Problem to solve
Produce a verbatim transcription of the entries, with all pictures omitted.

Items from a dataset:
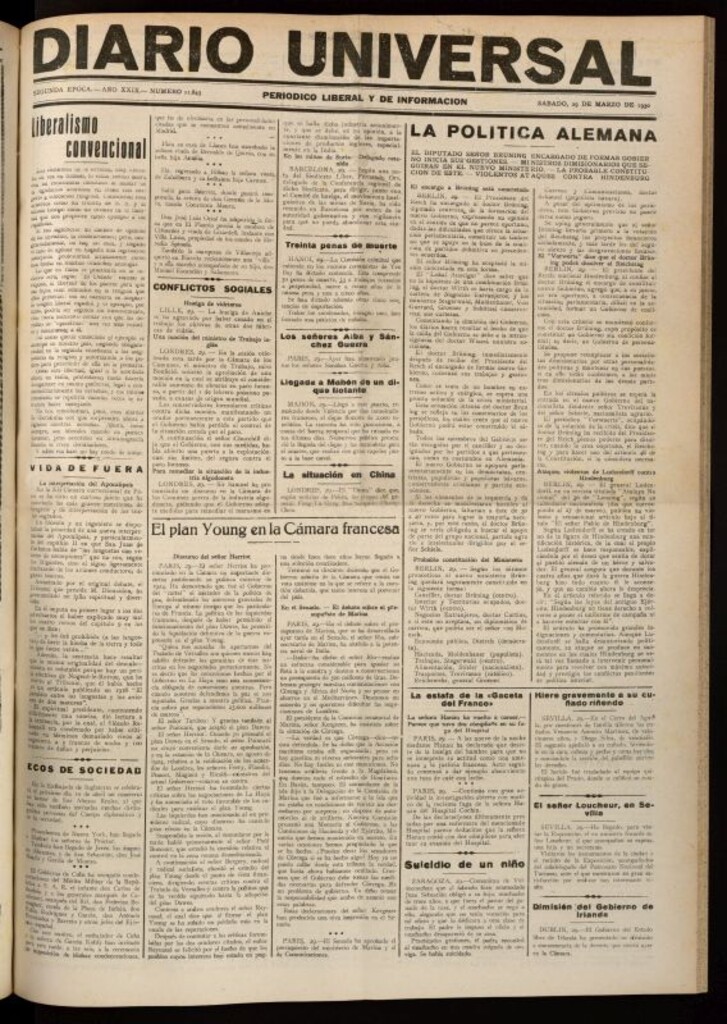 Miniatura de Diario Universal del 29 de marzo de 1930
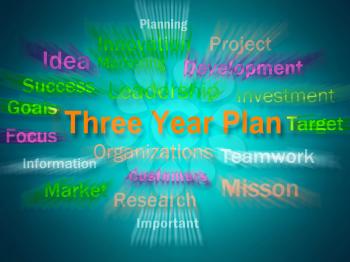 Three Year Plan Brainstorm Displaying Future Business Program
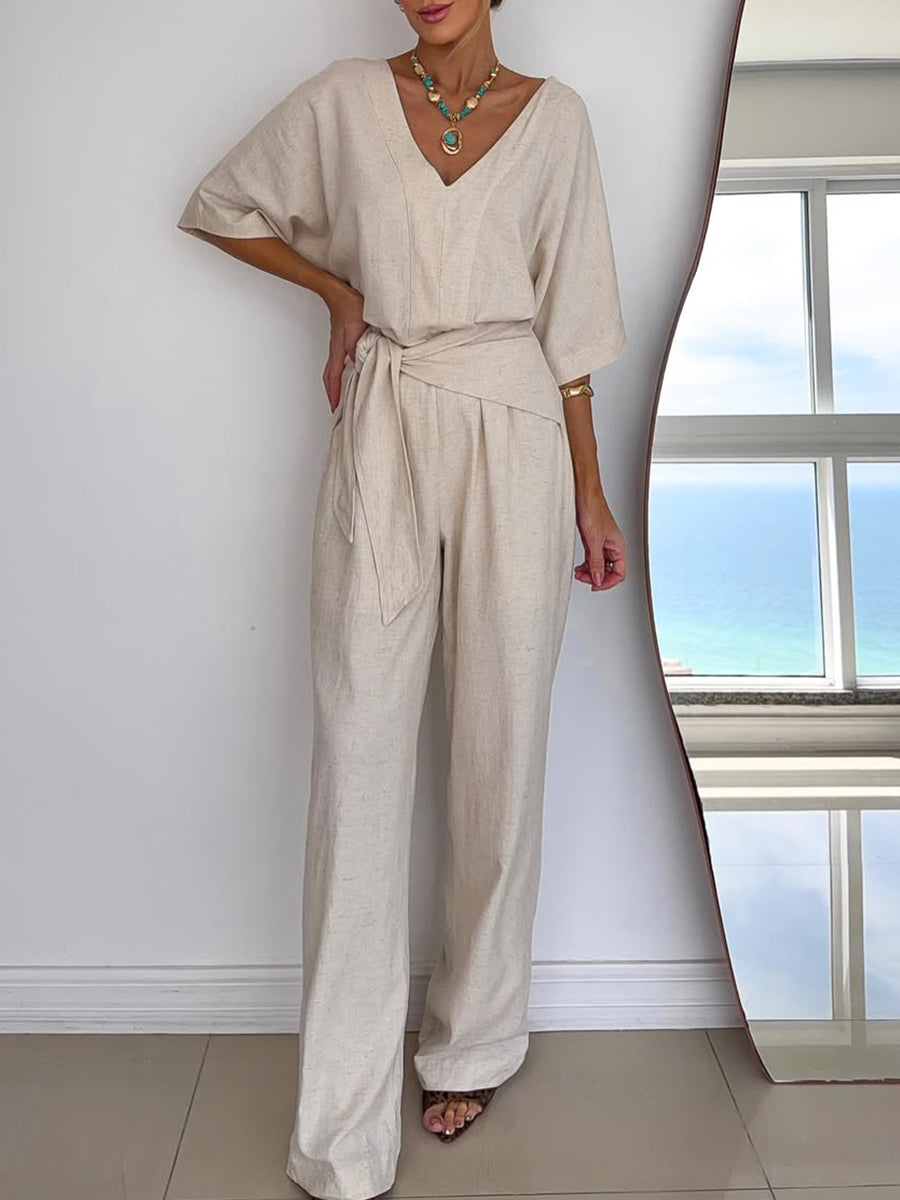 Eleganter Damen Jumpsuit, knöchellang, perfekt für stilvolle Auftritte im Frühling & Sommer.
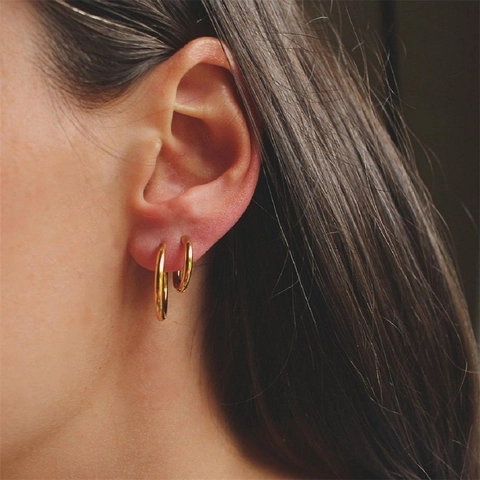 Pendientes de Aro Minimalistas de Acero Inoxidable para Mujer Redondos Geométricos Huggie Joyería de Moda Diaria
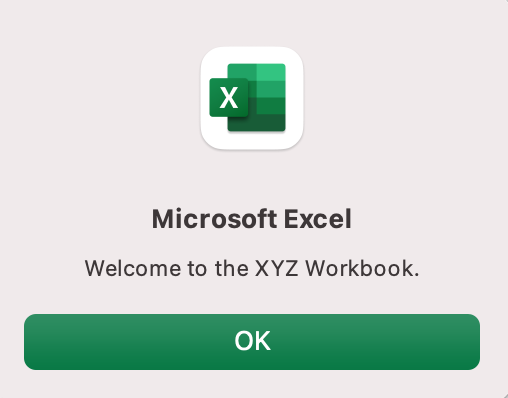 Welcome to XYZ notebook message example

Task result
 Miniatura de Diario Universal del 29 de marzo de 1930
 Three Year Plan Brainstorm Displaying Future Business Program
 Eleganter Damen Jumpsuit, knöchellang, perfekt für stilvolle Auftritte im Frühling & Sommer.
 Pendientes de Aro Minimalistas de Acero Inoxidable para Mujer Redondos Geométricos Huggie Joyería de Moda Diaria
 Welcome to XYZ notebook message example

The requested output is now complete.